Sellers, in turn, can choose to receive their money by wire transfer or in cash, although the cash delivery service is available only to residents in Buenos Aires. SatoshiTango charges a 2% fee for all transactions.
Of course, given the difficulties of operating in Argentina, Bari indicated that the SatoshiTango service is not yet as advanced as it aspires to be.
For example, he notes that while he is happy with SatoshiTango’s prepaid payment system, his company is currently barred from more advanced solutions like those in the US that might be more consumer friendly.
“We cannot do the same thing that Coinbase does. We cannot take money with an ACH [automated clearing house transaction], with an automatic debit from a bank account, it’s not legal in Argentina,” Bari explained.
As a self-funded startup, Bari also noted the challenge of handling legal costs to ensure his service is compliant with local laws. However, Bari said, his startup intends to shoulder this burden using their personal funds, adding:
“You can really spend a lot of money on advising, but we’re willing to spend that money, we’re using our savings and trying to figure out how to make the next step.”
In spite of the company’s efforts to offer an introductory service, Bari suggests that mainstream user adoption of bitcoin is still far off, noting that most of the company’s users are early bitcoin adopters.
Real risk remains
Bari acknowledged that Argentina’s government is still learning about bitcoin, and that his belief is that its officials still harbor certain reservations about its use.

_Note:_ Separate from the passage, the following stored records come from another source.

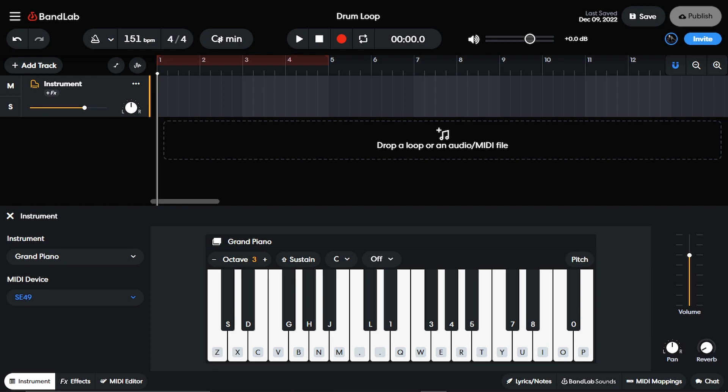Hey, what up y'all? Mr. Cruz here, your friendly neighborhood producer back with another video. And in today's video, I'm going to show you guys how you can get your MIDI controllers to work inside BandLab so that you can do stuff like this.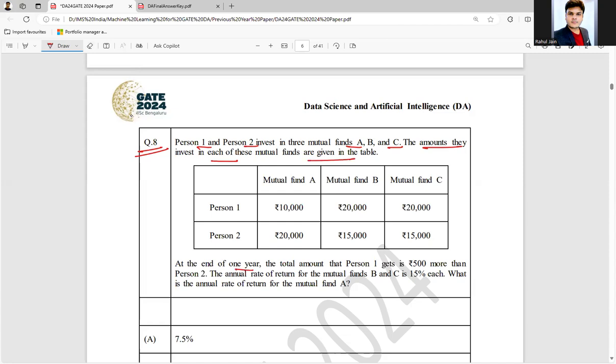At the end of one year, the total amount that Person 1 is getting is ₹500 more than Person 2. The annual rate of return for mutual funds B and C is 15% each. What is the annual rate of return for mutual fund A? So here, both invested ₹50,000 and one is getting ₹500 more, so Person 1 is in advance by ₹500.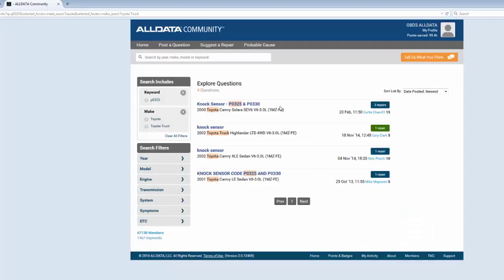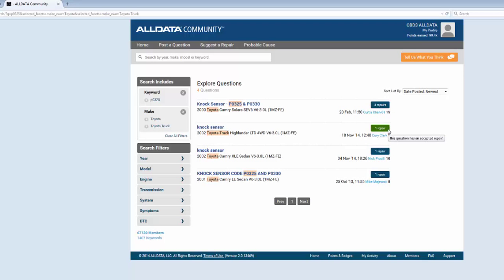Now I'm down to four results available. All of them have the exact same engine and I can see there's one verified repair and several suggested repairs without user verification, so it makes sense that I check out the verified repair and see if it's relevant to my situation.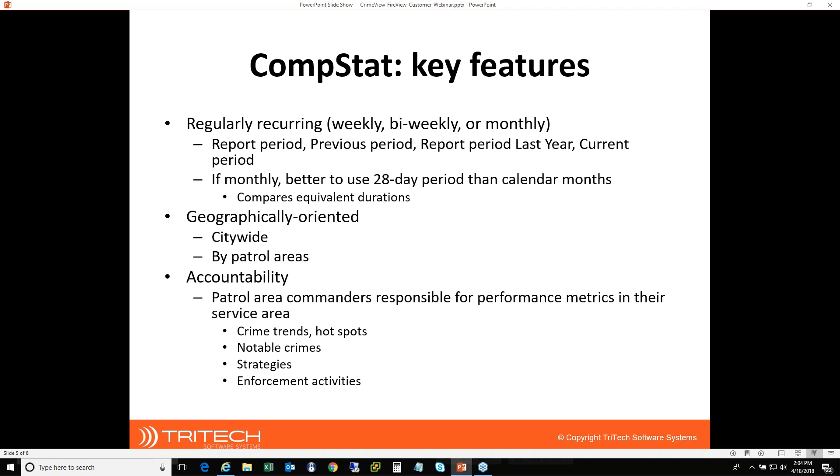I have seen a number of agencies that do this on a monthly basis. It's certainly a very straightforward way to do it, although it's probably not ideal given that different months have different quantities of days. So we would encourage the usage of a 28-day period rather than actual calendar month here. In this example we'll give today, we'll be using weeks. The key is that you want to try to compare equivalent durations if you're looking at percent changes and things like that.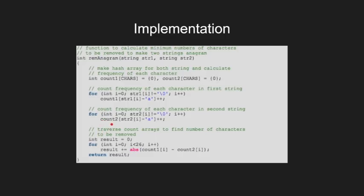After this we iterate through the array of counts and sum the difference of the frequencies. In the end we return this sum that is the result.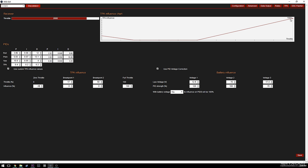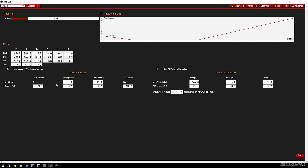The same approach applies for full throttle — if you start getting oscillations at full throttle, go into the full throttle TPA settings and start turning those up, adjusting until you don't have bounce-back on flips and rolls, don't have mid-throttle oscillations, and don't have full-throttle oscillations. That is how you use the TPA influence settings to get the most out of your stick feel without any oscillations or problems.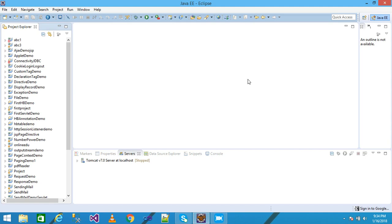In this video tutorial we'll discuss about Expression Language. Expression Language is a newly added feature in JSP technology version 2.0. It is an easy way to access the data stored in objects like session, application, request, etc. Let's see it practically. Here I am using the param implicit Expression Language object.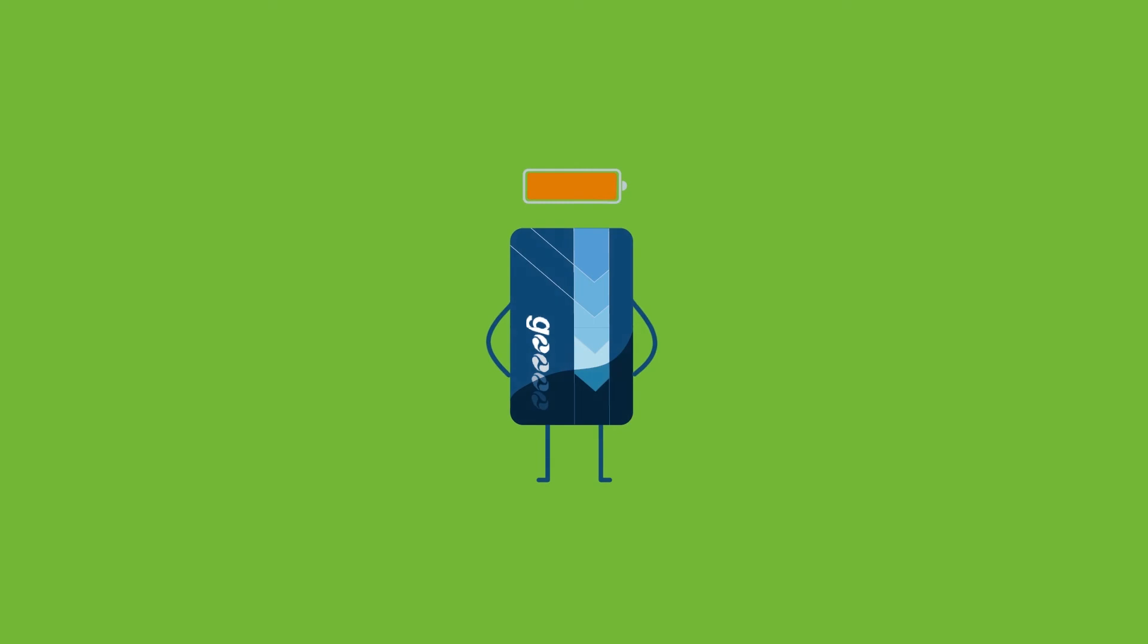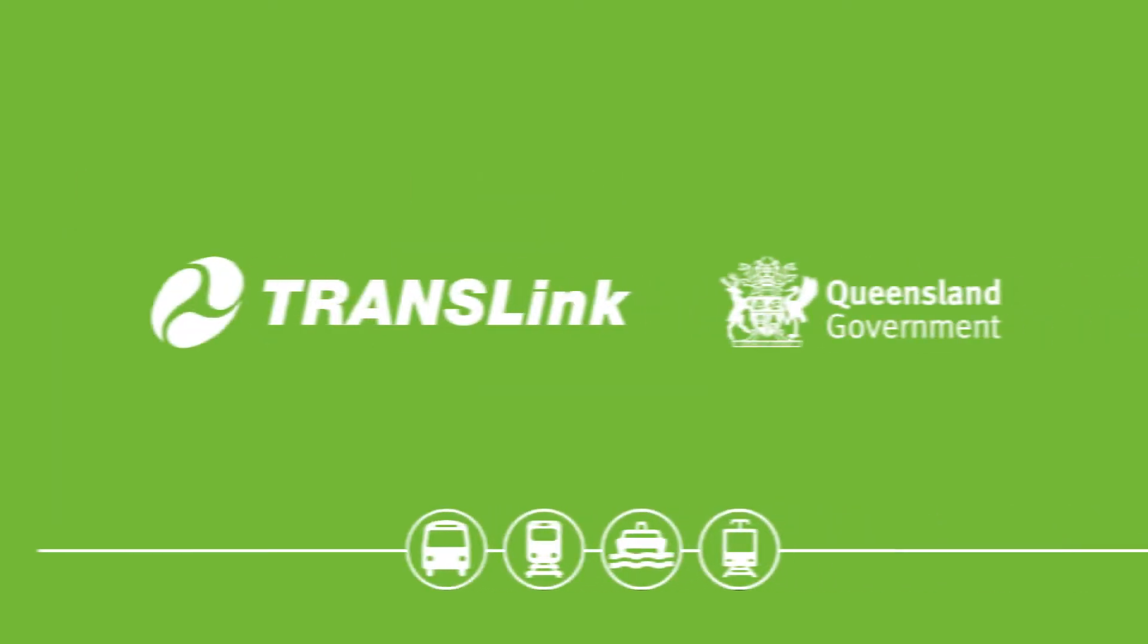Registering your GoCard is easy and it only takes a few minutes. Go with TransLink, find that managing your online account is pretty handy.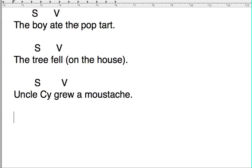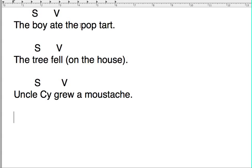The boy ate the Pop-Tart. Who ate the Pop-Tart? The boy did, right? The tree fell on the house. Uncle Si grew a mustache. These are all active verbs because the subject is doing the thing in the sentence.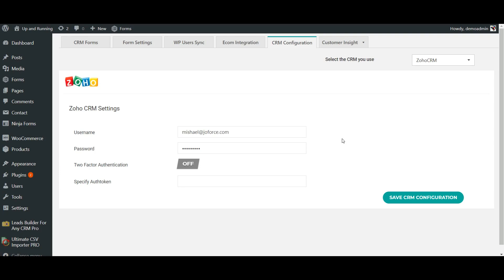Hello everyone. In this video, I'm going to show you how to connect Contact Form 7 and Zoho CRM with WP Leads Builder for CRM. Leads Builder lets you capture your website form information right inside your CRM.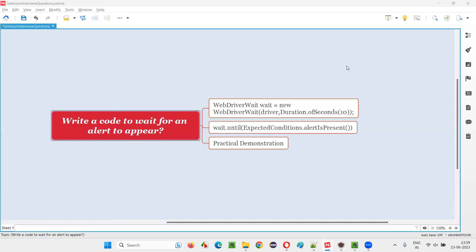Hello all, welcome to this session. In this session, I am going to answer one of the Selenium interview questions. That is, write a code to wait for an alert to appear on the web page in Selenium WebDriver.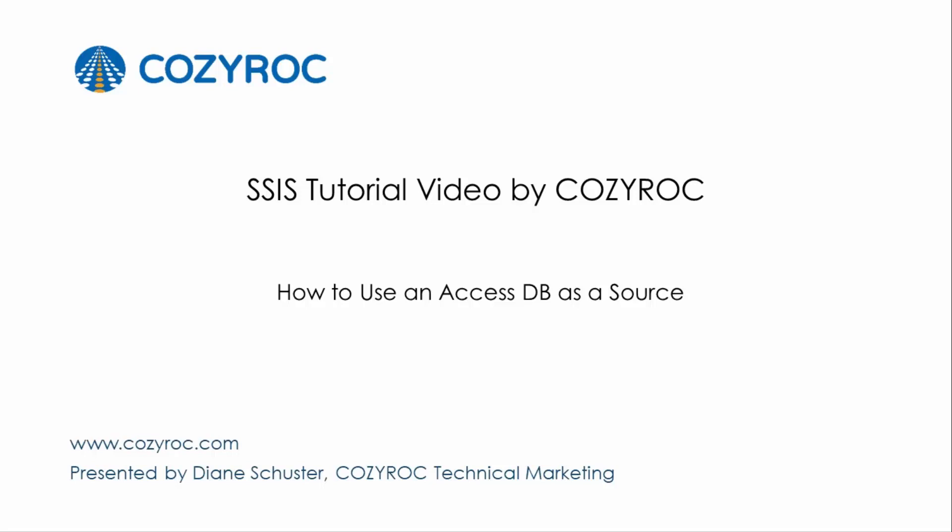This video is part of a series of SSIS tutorial videos created by CozyRock. In this video I will show you how to configure a package that uses an Access database as the source.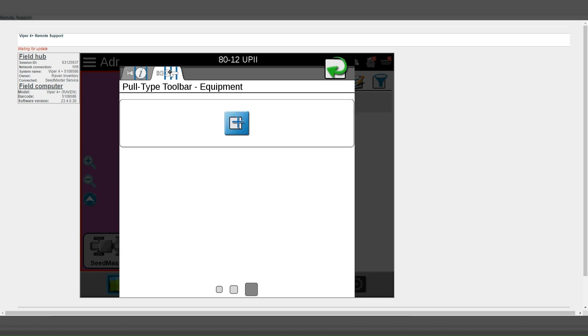To refresh or add, enter into the second tab where it says Pull Type Toolbar Equipment. As you can see here, the section groups are not available. To add them, simply click the Add button.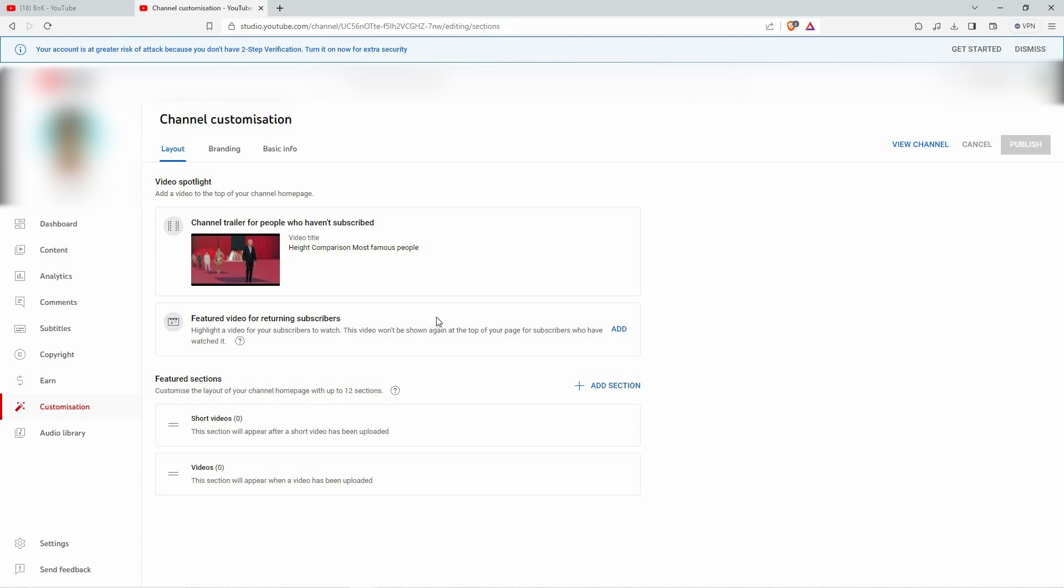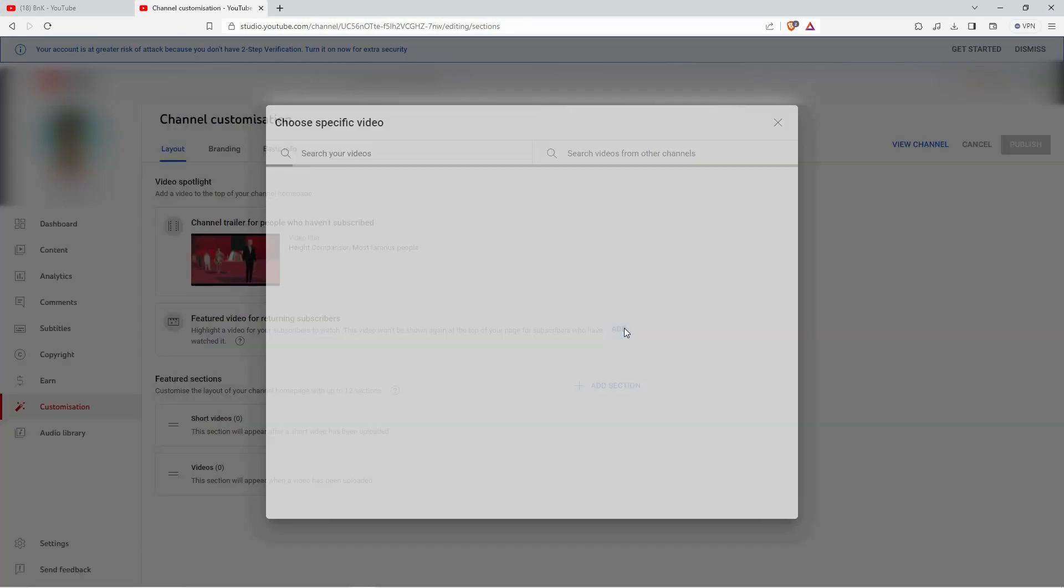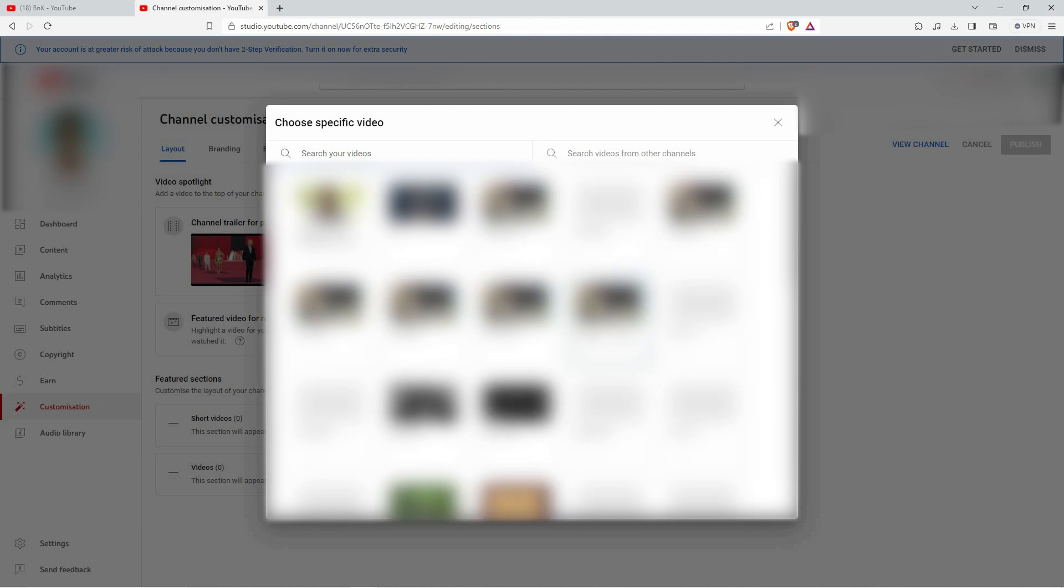All you have to do is click Add, then select the video you want as your intro. And that is how to add an intro video to your YouTube channel.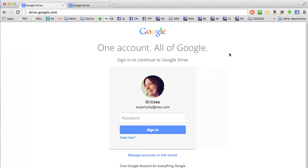First of all, you need to have a Google or Gmail account and go to drive.google.com where you can sign in to your account.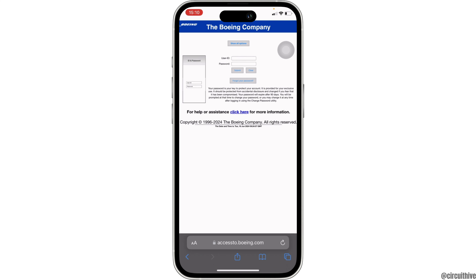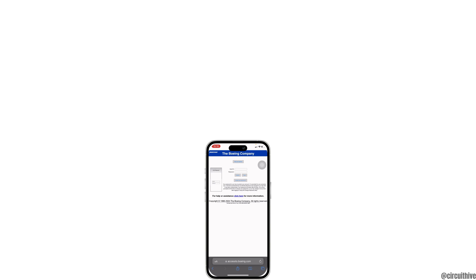That's all for today — this is simply how you can login into your Boeing Employment Portal account. Make sure to smash the like button and consider subscribing if you found this video helpful. We'll see you in the next one.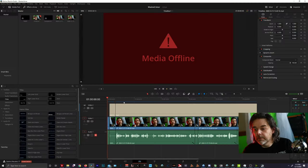Hey everybody, this is Sully with Five Freaking Onion Rings, and today I'm going to show you a tip in DaVinci Resolve 17 — it also works in 16 — that will fix your media offline problem.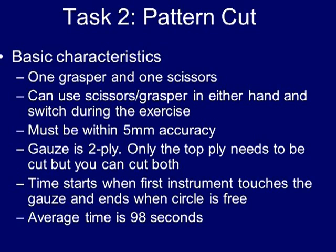Also note that the scissors, although curved, do not always curve inward to follow the circular pattern, but at certain portions may actually curve outward to assist with starting the cutting of the pattern, and then progressively curve more inward to finish the release of the circular pattern.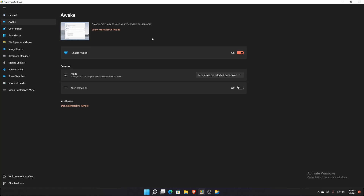Awake is a convenient way to keep your PC awake on demand. I turned it on because sometimes my computer goes to sleep for no reason. You can choose to keep the screen on at all times so it never goes dim. I leave Enable Awake on so that based on my power plan, I can keep my PC running just in case I want to do something later.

In part, Bari said, this is due to misconceptions about bitcoin that the community can take action to help dispel. Referring to the recent restrictive policies embraced in Ecuador and Bolivia, he said:
“We need to help the authorities to understand that this is not a way to launder money. […] I think that most of this banning takes place because of fear and misinformation.”
When asked about fellow Argentina-based bitcoin exchange Unisend and its issues securing a bank account, Bari acknowledged the possibility that his business could face similar operational challenges.
Still, he chose instead to focus on the benefits that persevering through this period of uncertainty would bring, saying:
“It’s a challenge, but once you succeed in Argentina, you can go to other countries in Latin America. It’s much easier. You get trained here, you have to work so hard for things that in other places are not that hard.”
Sweat and struggle
Bari said that SatoshiTango is currently a four-man operation and, for now, the founders plan to keep it that way, although they do recognize they will need the capital to realize their goals down the road.
Working at a bootstrapped business means all four members juggle multiple tasks, speaking to customers, adding new features to the site and keeping up to date on an evolving industry.
Here again Bari emphasized the positive aspects of working in such an operation where the founders’ “sweat and blood” are the main ingredients for success.
“I wake up earlier than before, because I like to start my day with SatoshiTango, and I believe that is the great advantage. We really enjoy this.”